DATA ▸
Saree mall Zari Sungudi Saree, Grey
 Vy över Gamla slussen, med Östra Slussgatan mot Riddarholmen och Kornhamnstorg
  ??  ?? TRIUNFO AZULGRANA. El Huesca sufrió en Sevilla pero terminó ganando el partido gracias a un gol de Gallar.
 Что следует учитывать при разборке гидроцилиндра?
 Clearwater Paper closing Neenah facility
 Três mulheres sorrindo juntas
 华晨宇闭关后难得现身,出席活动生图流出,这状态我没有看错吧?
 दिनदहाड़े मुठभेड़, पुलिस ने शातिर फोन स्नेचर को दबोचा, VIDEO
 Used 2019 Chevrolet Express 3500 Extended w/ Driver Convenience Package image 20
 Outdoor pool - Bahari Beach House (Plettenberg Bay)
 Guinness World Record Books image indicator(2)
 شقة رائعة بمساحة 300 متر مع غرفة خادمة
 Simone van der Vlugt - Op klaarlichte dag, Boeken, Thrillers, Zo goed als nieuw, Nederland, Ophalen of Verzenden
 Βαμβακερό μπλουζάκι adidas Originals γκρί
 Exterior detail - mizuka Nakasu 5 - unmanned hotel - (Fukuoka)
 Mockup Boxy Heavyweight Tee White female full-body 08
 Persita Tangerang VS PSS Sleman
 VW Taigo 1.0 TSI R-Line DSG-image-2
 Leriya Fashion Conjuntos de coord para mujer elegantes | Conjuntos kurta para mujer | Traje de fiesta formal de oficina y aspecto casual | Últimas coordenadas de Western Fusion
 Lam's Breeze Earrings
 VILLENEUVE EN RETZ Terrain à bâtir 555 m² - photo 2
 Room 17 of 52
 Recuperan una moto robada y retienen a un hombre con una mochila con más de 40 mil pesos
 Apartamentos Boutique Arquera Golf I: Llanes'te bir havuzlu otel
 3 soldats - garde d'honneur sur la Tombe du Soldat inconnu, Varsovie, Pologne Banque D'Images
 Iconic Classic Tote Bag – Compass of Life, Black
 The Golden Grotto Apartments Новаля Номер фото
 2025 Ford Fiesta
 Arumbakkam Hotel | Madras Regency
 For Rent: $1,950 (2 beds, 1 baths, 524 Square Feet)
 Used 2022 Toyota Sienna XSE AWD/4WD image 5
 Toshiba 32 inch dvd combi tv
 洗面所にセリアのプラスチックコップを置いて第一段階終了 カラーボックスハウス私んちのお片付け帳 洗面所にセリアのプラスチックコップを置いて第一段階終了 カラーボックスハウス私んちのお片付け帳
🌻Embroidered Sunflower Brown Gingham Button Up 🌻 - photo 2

TASK REQUIREMENTS ▸ Make a precise copy of the records in their entirety.

RESPONSE AREA ▸
Saree mall Zari Sungudi Saree, Grey
 Vy över Gamla slussen, med Östra Slussgatan mot Riddarholmen och Kornhamnstorg
  ??  ?? TRIUNFO AZULGRANA. El Huesca sufrió en Sevilla pero terminó ganando el partido gracias a un gol de Gallar.
 Что следует учитывать при разборке гидроцилиндра?
 Clearwater Paper closing Neenah facility
 Três mulheres sorrindo juntas
 华晨宇闭关后难得现身,出席活动生图流出,这状态我没有看错吧?
 दिनदहाड़े मुठभेड़, पुलिस ने शातिर फोन स्नेचर को दबोचा, VIDEO
 Used 2019 Chevrolet Express 3500 Extended w/ Driver Convenience Package image 20
 Outdoor pool - Bahari Beach House (Plettenberg Bay)
 Guinness World Record Books image indicator(2)
 شقة رائعة بمساحة 300 متر مع غرفة خادمة
 Simone van der Vlugt - Op klaarlichte dag, Boeken, Thrillers, Zo goed als nieuw, Nederland, Ophalen of Verzenden
 Βαμβακερό μπλουζάκι adidas Originals γκρί
 Exterior detail - mizuka Nakasu 5 - unmanned hotel - (Fukuoka)
 Mockup Boxy Heavyweight Tee White female full-body 08
 Persita Tangerang VS PSS Sleman
 VW Taigo 1.0 TSI R-Line DSG-image-2
 Leriya Fashion Conjuntos de coord para mujer elegantes | Conjuntos kurta para mujer | Traje de fiesta formal de oficina y aspecto casual | Últimas coordenadas de Western Fusion
 Lam's Breeze Earrings
 VILLENEUVE EN RETZ Terrain à bâtir 555 m² - photo 2
 Room 17 of 52
 Recuperan una moto robada y retienen a un hombre con una mochila con más de 40 mil pesos
 Apartamentos Boutique Arquera Golf I: Llanes'te bir havuzlu otel
 3 soldats - garde d'honneur sur la Tombe du Soldat inconnu, Varsovie, Pologne Banque D'Images
 Iconic Classic Tote Bag – Compass of Life, Black
 The Golden Grotto Apartments Новаля Номер фото
 2025 Ford Fiesta
 Arumbakkam Hotel | Madras Regency
 For Rent: $1,950 (2 beds, 1 baths, 524 Square Feet)
 Used 2022 Toyota Sienna XSE AWD/4WD image 5
 Toshiba 32 inch dvd combi tv
 洗面所にセリアのプラスチックコップを置いて第一段階終了 カラーボックスハウス私んちのお片付け帳 洗面所にセリアのプラスチックコップを置いて第一段階終了 カラーボックスハウス私んちのお片付け帳
🌻Embroidered Sunflower Brown Gingham Button Up 🌻 - photo 2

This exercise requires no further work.